Misreading Waugh (As Usual)

My wife sent me a link to this article, from the Guardian (of course) entitled ” The real blame for England’s 20th-century decline lies with the snob who wrote Brideshead Revisited”. The guy basically says that it is Waugh’s fault that British people became sentimental about the aristocracy of their country with its old houses, etc., so that when the ordinary blokes of Britain got an education and a decent job, they were somehow prevented by this nostalgic mental obstruction from forming “a truly classless society”. He also says that Waugh blames the decline of Britain on the rise of the lower classes. I responded as follows:

This guy doesn’t get it, really. This review is about his own class anxiety. He should move to the States.

Everybody who says Waugh was nostalgic about the aristocracy is so wrong. He depicted them as ineffectual, often stupid, and doomed. He loved their buildings, paintings, furniture, lawns. They were the unworthy inheritors of something beautiful they did not make, did not deserve, and were about to lose. Charles Ryder, not an aristocrat, is the only person in the book who appreciates Brideshead for its beauty. The people who live there don’t see it. The people who turn it into a barracks don’t see it. The only man who can appreciate it cannot have it. Or, he could have had it, but he rejects the chance since sin is worse than losing the woman, the mansion, the paintings, the trees, the land, and (for that matter) everything in the whole world.

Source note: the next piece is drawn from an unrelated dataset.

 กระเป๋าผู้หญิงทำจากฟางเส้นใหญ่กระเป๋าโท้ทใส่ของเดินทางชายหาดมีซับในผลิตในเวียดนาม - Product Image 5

Waugh did not blame the decline of England on the rise of working class and middle class people. That is utterly stupid. He despised these people, sure. But Waugh’s schtick was to despise everybody, pretty much, especially himself or the character who is “him” — Guy Crouchback, Basil Seal, Charles Ryder. His whole corpus of work is a suppressed scream of anger at people who refuse to face reality and live up to their obligations. England is full of aristocrats who don’t take act like leaders in society, schoolteachers who don’t teach or who are child molesters, scholars who are ignorant and arrogant, soldiers who don’t know how to fight or who run away or who are barking mad if they are brave, priests who mouth platitudes and lack any faith, artists who have no taste or talent, bureaucrats who live in utter ignorance of the real world or the consequences of their actions, philanthropists who love animals and despise people. Etc. To single out loutish parvenus because you are one or your Dad was is to miss the entire point. Waugh’s world is one in which good or beautiful or true people or things or even thoughts are precious and scarce and fragile and worth preserving, though this rarely happens. It is a world of Christian pessimism saturated with an awareness of the consequences of original sin.

These stupid socialists see such a two dimensional world. They can live there if they want to, but leave Waugh out of it.

(The biggest influence on my interpretation of Waugh is Douglas Lane Patey’s biography.)

5 thoughts on “Misreading Waugh (As Usual)”

  1. Neither the proletarian aesthetic nor modern post-colonial believes in sin, unless it is classism.

    A couple of years ago a friend explained his beliefs with the very moving sections in which Waugh discusses sin.

  2. Why would one want a “truly classless society” is a baffling puzzle. Especially given the outcome of all the previous attempts at creating such an alleged paradise. It is all the more confusing when the same people who desire this most boring and ultimate uniformity are the same who promote “diversity”.

    Got to be the weed. Must get a sample.

  3. Your take on Waugh is spot on.

    Waugh lambastes the upper classes (“Vile Bodies” – the title alone gives away Waugh’s take on the subject), mocks the archetypical upper crust bumbling clueless nabob (“Scoop”) and recreates an atmosphere redolent with the death throes of The Empire (“Handful of Dust”).

    To read Waugh as nostalgia for the good life of the upper classes is not to have read Waugh at all.

  4. I wouldn’t worry too much about people buying into the thesis of the “Guardian” article. Anyone who actually reads Waugh knows he was anything but an apologist for the British blue bloods. On the other hand, the article might actually encourage a few people to pick up one of Waugh’s novels, and that would be all to the good. He deserves to be read. I suspect that anyone who makes it halfway through “Vile Bodies” will be laughing so loud they’ll forget all about Waugh’s supposed complicity in “England’s 20th-century decline.”